Дальше в газетах с разными вариациями сообщалось, что оргия была безумной по размаху, что кинозвезд поили десятками бутылок шампанского, которое перед ними расставляли на столах красные матросы, в то время как на экране шел советский революционный фильм «Медведь».
Так выглядел на страницах херстовских газет наш, правда затянувшийся, но довольно скромный ужин с борщом и бефстрогановом.
Я в первую минуту не понял, почему я не оказался ни на одном из этих снимков и почему ни в одной из газет не была упомянута моя фамилия. Мне даже показалось это какой-то странной деликатностью. Но недоумение длилось недолго. В чем дело – было не так трудно догадаться.
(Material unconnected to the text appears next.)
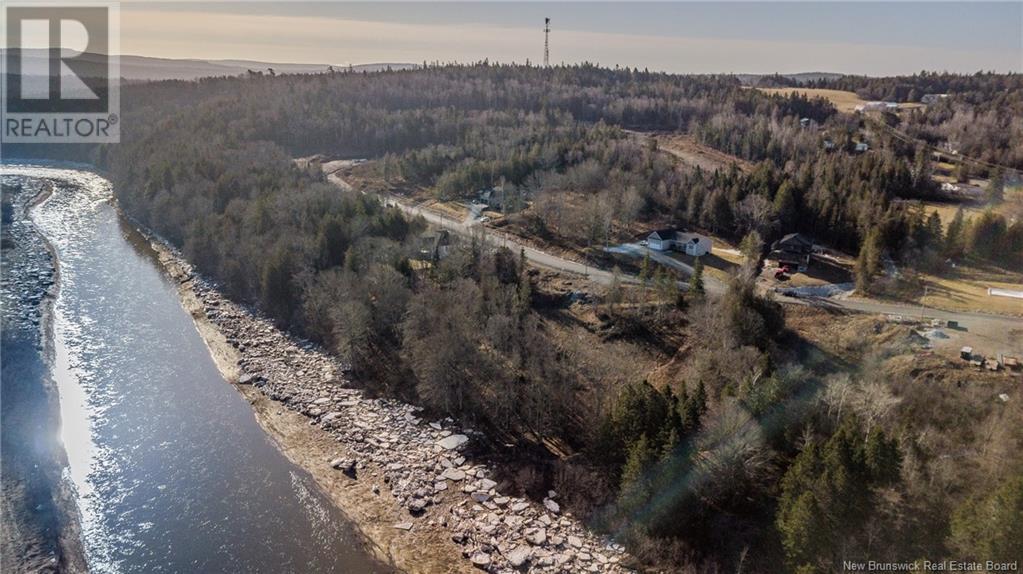 Lot 3 Motivation Avenue, Quispamsis, New Brunswick  E2G 2A1 - Photo 11 - NB116364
Если бы дать на фотографиях рядом с Чаплином и меня – а о моем приезде в то время довольно много писали – и если б сообщить все так, как оно было, что советский писатель на борту советского парохода давал обед своим американским друзьям, и в их числе Чаплину, то по крайней мере три четверти сенсационности, и уж во всяком случае загадочности, безнадежно пропали бы. А вот написать, что Чаплин был на красном пароходе и что его принимал там советский консул, и снять его рядом именно с советским консулом – вот это была сенсация! Вот это было загадочно и подозрительно! Это могло стать дополнительной лептой в ту кампанию травли, которая велась против Чаплина в газетах.
Ночью мне надо было лететь в Нью-Йорк, а вечером перед этим Майльстон устроил у себя дома ужин, с которого я поехал прямо на аэродром.
На этом ужине был и Чаплин с женой.
Он был очень элегантен, одет во все черное, но показался мне в тот вечер более старым и усталым, чем обычно.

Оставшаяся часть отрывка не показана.